Exercise details — Going through the data below, please show each line containing the string "London".

Input records —
"""
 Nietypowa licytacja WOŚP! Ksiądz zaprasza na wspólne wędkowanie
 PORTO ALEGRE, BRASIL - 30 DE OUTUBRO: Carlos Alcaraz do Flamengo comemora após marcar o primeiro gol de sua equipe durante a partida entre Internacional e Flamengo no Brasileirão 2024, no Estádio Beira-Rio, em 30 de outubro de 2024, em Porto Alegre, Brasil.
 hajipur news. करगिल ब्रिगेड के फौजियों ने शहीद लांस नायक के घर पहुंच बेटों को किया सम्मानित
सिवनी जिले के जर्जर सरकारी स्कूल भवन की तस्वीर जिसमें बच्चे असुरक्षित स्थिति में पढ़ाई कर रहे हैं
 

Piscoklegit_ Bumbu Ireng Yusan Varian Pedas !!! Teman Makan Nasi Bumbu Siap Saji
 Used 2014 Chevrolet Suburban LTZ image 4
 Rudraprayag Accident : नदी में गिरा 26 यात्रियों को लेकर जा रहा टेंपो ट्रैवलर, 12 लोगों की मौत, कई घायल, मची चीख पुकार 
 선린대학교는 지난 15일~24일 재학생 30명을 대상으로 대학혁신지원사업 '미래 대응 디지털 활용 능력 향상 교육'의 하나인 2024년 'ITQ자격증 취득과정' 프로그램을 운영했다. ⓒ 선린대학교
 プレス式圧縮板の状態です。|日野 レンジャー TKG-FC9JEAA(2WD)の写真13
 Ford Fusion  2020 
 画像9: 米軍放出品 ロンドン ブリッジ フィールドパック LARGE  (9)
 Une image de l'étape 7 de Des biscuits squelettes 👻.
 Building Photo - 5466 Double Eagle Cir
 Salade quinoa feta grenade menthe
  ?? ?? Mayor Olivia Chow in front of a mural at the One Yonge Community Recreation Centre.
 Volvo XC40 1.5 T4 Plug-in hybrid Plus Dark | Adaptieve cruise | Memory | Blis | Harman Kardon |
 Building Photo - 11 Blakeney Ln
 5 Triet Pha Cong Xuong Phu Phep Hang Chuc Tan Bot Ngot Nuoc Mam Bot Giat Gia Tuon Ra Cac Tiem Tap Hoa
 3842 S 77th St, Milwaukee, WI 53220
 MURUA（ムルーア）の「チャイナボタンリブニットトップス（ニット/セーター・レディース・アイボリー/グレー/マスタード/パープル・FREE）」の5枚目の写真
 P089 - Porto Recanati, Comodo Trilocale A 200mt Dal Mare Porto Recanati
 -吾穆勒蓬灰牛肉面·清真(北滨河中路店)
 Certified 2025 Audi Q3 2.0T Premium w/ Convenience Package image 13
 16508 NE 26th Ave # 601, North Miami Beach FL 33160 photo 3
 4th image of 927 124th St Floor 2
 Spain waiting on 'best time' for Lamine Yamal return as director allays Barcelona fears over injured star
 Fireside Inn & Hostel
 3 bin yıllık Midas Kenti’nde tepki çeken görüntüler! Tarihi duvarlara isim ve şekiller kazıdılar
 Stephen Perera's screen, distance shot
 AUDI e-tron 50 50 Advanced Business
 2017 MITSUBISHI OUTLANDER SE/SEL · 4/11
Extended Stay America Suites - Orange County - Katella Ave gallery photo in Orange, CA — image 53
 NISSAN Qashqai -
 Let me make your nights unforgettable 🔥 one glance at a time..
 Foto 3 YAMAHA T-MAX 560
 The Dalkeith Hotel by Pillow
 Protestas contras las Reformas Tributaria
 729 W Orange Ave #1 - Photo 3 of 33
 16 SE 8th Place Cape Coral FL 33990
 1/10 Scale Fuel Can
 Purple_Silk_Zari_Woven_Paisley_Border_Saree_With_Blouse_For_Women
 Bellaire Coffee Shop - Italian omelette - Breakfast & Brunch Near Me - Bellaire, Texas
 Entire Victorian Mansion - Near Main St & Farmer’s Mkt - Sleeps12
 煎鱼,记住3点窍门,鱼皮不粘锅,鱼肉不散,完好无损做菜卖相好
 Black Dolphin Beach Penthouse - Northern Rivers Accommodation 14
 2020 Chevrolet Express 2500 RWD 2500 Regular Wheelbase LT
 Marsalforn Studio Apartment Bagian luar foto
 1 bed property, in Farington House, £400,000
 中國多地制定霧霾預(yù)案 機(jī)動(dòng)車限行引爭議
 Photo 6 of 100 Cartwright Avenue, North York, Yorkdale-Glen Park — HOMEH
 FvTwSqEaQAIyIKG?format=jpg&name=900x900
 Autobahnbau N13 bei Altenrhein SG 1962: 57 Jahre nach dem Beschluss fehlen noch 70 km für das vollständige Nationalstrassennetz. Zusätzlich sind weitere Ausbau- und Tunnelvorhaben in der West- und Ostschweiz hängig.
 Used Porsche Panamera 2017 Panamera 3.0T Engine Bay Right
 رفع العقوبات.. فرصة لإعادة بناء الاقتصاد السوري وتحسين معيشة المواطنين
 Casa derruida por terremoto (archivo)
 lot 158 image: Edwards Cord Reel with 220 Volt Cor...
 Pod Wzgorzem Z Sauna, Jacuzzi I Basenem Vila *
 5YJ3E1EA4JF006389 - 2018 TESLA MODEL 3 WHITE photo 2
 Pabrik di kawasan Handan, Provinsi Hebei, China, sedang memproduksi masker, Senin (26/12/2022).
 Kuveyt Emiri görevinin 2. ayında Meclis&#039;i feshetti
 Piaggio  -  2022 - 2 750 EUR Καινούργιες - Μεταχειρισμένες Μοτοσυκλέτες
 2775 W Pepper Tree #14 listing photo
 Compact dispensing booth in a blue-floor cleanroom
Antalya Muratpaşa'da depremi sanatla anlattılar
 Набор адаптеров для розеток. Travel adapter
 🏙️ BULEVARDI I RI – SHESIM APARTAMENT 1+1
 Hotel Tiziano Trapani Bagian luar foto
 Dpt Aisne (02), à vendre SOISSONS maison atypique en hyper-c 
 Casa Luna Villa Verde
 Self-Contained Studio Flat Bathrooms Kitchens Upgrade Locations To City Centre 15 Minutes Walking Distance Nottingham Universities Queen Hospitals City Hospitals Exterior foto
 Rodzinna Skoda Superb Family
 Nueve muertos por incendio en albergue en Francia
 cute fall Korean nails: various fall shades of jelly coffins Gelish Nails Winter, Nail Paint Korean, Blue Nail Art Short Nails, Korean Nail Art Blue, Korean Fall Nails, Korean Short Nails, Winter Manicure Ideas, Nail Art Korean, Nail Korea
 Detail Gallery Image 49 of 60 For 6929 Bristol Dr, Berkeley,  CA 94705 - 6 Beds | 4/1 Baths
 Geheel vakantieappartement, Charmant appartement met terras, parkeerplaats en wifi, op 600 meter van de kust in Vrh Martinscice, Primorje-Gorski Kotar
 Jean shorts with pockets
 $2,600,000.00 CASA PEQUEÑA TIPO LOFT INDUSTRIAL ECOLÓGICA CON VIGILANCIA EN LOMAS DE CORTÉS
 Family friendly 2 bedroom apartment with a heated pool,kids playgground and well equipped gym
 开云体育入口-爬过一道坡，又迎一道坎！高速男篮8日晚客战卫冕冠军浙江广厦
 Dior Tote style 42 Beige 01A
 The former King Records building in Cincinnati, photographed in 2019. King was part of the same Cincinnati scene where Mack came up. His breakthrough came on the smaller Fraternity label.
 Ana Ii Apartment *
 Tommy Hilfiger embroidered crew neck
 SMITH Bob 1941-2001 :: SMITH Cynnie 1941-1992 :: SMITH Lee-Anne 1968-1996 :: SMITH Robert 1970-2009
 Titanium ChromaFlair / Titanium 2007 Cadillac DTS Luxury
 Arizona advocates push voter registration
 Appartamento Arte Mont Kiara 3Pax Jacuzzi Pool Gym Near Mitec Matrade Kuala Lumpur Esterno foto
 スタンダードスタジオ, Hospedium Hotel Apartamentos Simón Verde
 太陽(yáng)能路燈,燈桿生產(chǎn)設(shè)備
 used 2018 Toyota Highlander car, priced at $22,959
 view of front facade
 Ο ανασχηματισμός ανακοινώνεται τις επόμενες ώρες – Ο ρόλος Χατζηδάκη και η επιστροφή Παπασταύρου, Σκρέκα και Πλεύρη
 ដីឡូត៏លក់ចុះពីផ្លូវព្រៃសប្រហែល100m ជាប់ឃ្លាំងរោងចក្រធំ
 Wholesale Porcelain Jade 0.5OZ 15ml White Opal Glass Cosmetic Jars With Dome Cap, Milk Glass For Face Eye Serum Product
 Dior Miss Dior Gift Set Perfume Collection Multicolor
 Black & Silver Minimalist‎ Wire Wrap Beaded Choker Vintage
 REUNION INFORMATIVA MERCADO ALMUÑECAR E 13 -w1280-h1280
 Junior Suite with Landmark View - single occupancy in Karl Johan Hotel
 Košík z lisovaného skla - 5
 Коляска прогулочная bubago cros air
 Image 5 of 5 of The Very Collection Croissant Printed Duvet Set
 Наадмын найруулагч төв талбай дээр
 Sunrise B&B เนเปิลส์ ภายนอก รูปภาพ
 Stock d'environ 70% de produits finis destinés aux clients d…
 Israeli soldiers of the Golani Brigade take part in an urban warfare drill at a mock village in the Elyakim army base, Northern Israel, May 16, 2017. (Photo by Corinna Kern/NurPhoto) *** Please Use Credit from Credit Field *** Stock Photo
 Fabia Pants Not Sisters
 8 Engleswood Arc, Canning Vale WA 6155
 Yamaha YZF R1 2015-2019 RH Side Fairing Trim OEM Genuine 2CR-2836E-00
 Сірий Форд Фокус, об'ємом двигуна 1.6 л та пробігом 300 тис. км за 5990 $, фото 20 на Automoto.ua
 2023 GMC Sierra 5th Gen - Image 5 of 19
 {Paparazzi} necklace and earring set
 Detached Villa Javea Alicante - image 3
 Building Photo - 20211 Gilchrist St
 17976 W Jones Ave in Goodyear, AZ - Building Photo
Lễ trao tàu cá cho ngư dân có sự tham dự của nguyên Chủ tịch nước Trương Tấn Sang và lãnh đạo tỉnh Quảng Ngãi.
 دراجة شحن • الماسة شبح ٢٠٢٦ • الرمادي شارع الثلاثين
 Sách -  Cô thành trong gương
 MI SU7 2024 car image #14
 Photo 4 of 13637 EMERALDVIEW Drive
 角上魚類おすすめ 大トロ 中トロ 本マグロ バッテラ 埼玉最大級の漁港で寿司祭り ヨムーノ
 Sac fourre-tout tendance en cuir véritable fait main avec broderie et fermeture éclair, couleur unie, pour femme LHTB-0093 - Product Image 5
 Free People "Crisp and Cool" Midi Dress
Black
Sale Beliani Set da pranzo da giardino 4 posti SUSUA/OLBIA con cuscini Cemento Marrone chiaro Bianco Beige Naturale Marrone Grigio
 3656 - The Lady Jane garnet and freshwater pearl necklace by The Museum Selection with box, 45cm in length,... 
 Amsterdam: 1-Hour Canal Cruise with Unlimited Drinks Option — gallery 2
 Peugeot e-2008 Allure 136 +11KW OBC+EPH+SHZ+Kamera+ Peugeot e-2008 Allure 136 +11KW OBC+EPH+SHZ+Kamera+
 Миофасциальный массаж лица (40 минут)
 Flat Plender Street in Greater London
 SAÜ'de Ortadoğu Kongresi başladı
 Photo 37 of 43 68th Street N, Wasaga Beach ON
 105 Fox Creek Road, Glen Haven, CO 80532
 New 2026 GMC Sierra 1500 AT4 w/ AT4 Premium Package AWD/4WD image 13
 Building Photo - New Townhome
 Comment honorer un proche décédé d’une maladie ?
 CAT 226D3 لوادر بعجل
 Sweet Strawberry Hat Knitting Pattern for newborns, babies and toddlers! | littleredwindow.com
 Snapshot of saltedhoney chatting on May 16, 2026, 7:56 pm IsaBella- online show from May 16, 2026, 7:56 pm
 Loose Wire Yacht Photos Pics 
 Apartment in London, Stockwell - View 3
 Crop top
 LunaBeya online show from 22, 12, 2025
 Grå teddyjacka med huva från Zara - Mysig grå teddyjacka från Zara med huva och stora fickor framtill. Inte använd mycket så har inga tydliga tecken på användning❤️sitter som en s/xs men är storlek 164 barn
"""
Result of the exercise —
 Flat Plender Street in Greater London
 Apartment in London, Stockwell - View 3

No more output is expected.